=== Directions for this task ===
With the pictures set aside, reproduce each entry precisely as it reads.

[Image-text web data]
########

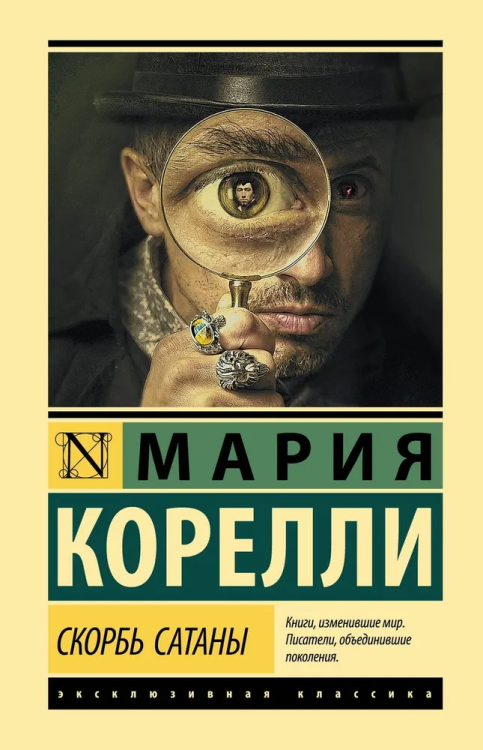 9785171366247.jpg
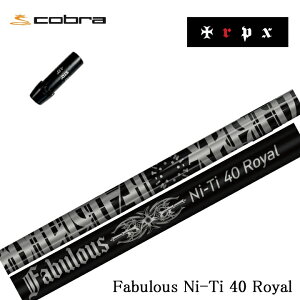Ru/COBRA _[NXs[h/GAWFbg/LTDx/RADSPEED/F9ΉX[utJX^Vtg trpx/eB[A[s[GbNX t@rX jbP`^40C Fabulous Ni-Ti40 Royal Eb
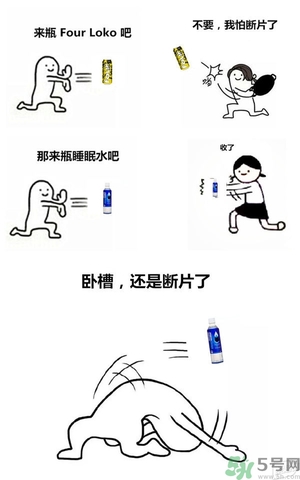 睡眠水為什么可以讓人入睡？可口可樂(lè)睡眠水有什么副作用？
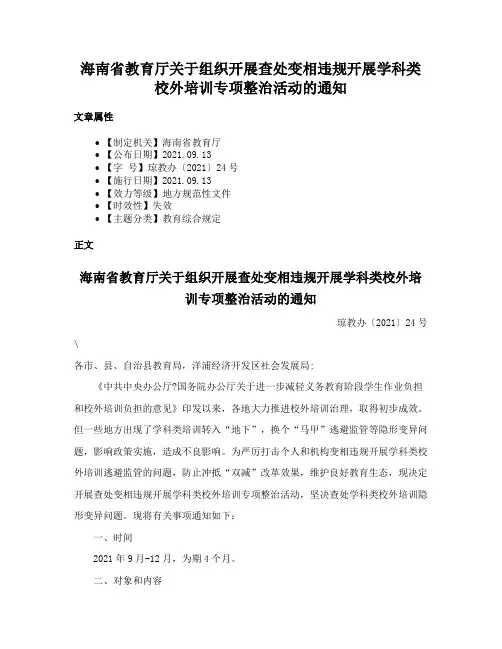 海南省教育厅关于组织开展查处变相违规开展学科类校外培训专项整治活动的通知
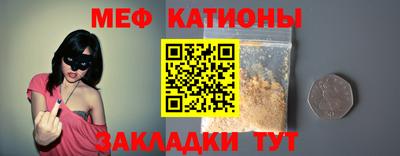 COCAINE Малоярославец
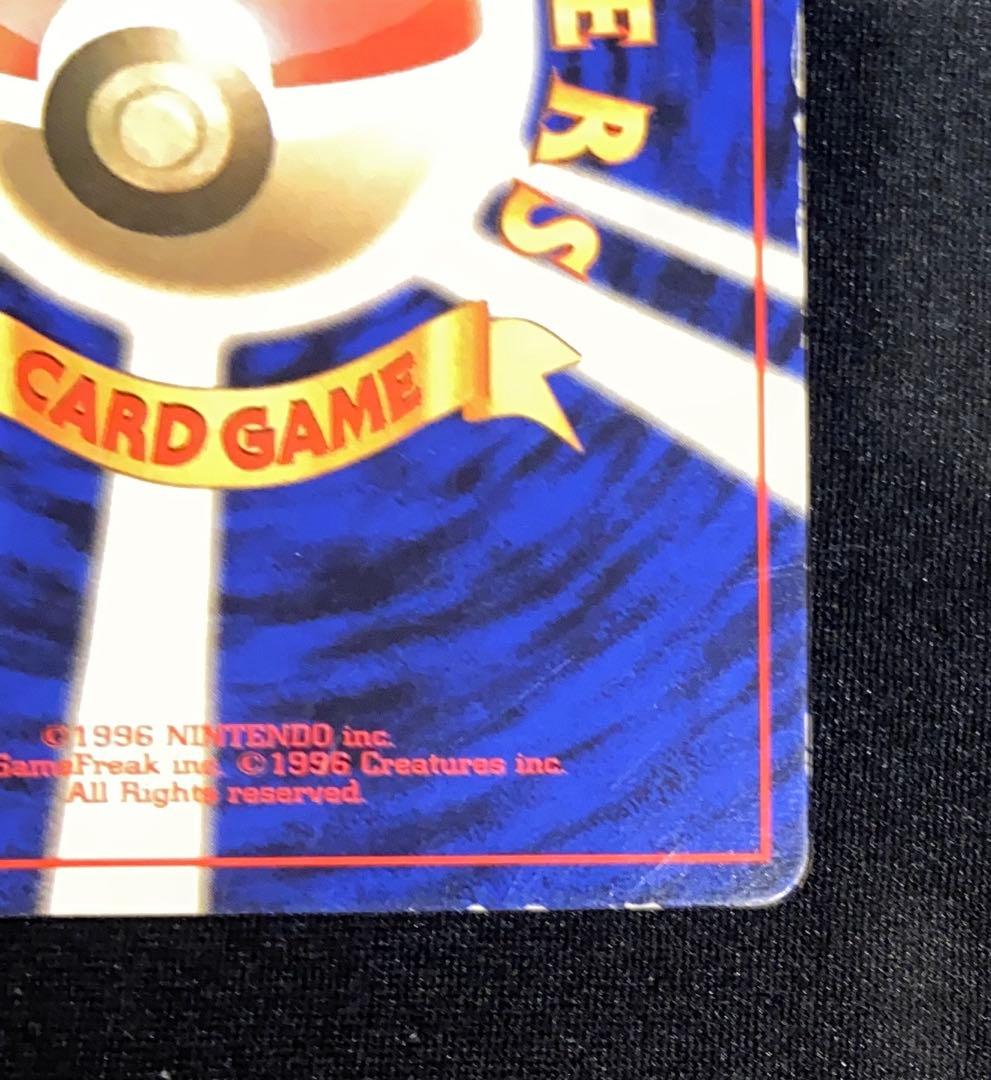 ポケモンカード ピカチュウ HP60 025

########

=== Exercise answer ===
 9785171366247.jpg
Ru/COBRA _[NXs[h/GAWFbg/LTDx/RADSPEED/F9ΉX[utJX^Vtg trpx/eB[A[s[GbNX t@rX jbP`^40C Fabulous Ni-Ti40 Royal Eb
 睡眠水為什么可以讓人入睡？可口可樂(lè)睡眠水有什么副作用？
 海南省教育厅关于组织开展查处变相违规开展学科类校外培训专项整治活动的通知
 COCAINE Малоярославец
 ポケモンカード ピカチュウ HP60 025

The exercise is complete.